You are redesigning a merchant reporting system for a payments platform that must show balances, payouts, fees, disputes, and refunds with both near-real-time visibility and finance-grade daily accuracy. The current reporting stack was built incrementally and now produces mismatched numbers between dashboard views, CSV exports, and month-end finance reports. An executive escalation was triggered after several large merchants found payout totals that did not reconcile to underlying transactions during peak sales periods. You need a pipeline design that supports operational reporting within minutes while preserving replayability, auditability, and deterministic backfills.
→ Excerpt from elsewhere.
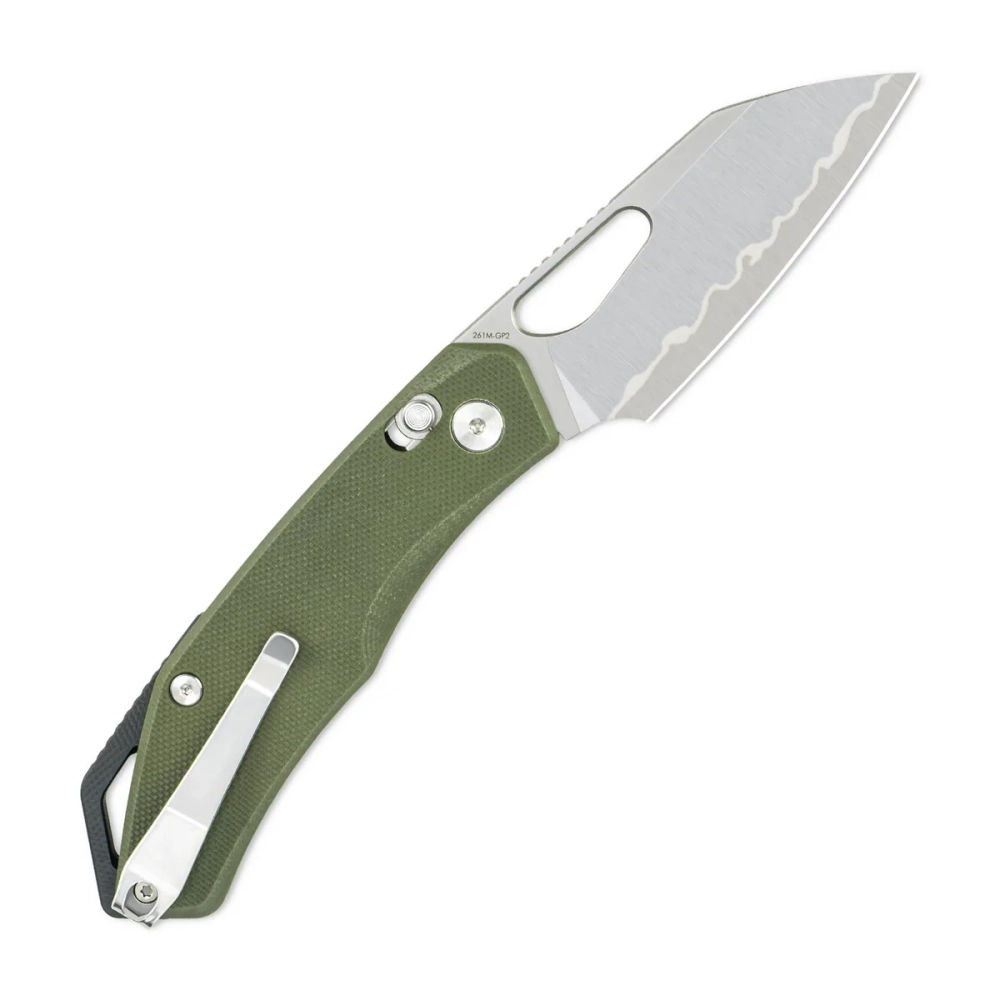 Нож складной SRM 261M-GP2 Cub Beadblast (140Cr Laminated, Green G10)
| Component | Status / Technology |
|---|---|
| Event Sources | PaymentIntents, Charges, Refunds, Disputes, Balance Transactions, Payouts APIs and internal service events |
| Ingestion | Mixed webhooks, service DB CDC, and hourly object storage drops |
| Stream Processing | Limited Flink jobs for fee enrichment |
| Batch Processing | Nightly Spark jobs building warehouse tables |
| Warehouse | Snowflake with ad hoc SQL models |
| Orchestration | Apache Airflow 2.x |
| Serving | Merchant dashboard APIs, Sigma-style ad hoc reporting, CSV exports |
Scale: 8-15M financial events/day, 2-4x peak bursts, ~1.5 KB average payload, 5-minute freshness target for operational metrics, T+1 finalization for finance reports, 7-year audit retention.
How would you design the end-to-end reporting pipeline so merchants can query near-real-time and finalized financial views consistently across dashboard, exports, and warehouse reporting surfaces? Explain the architecture, data model, orchestration, and controls you would use to handle corrections, late-arriving events, and backfills at this scale.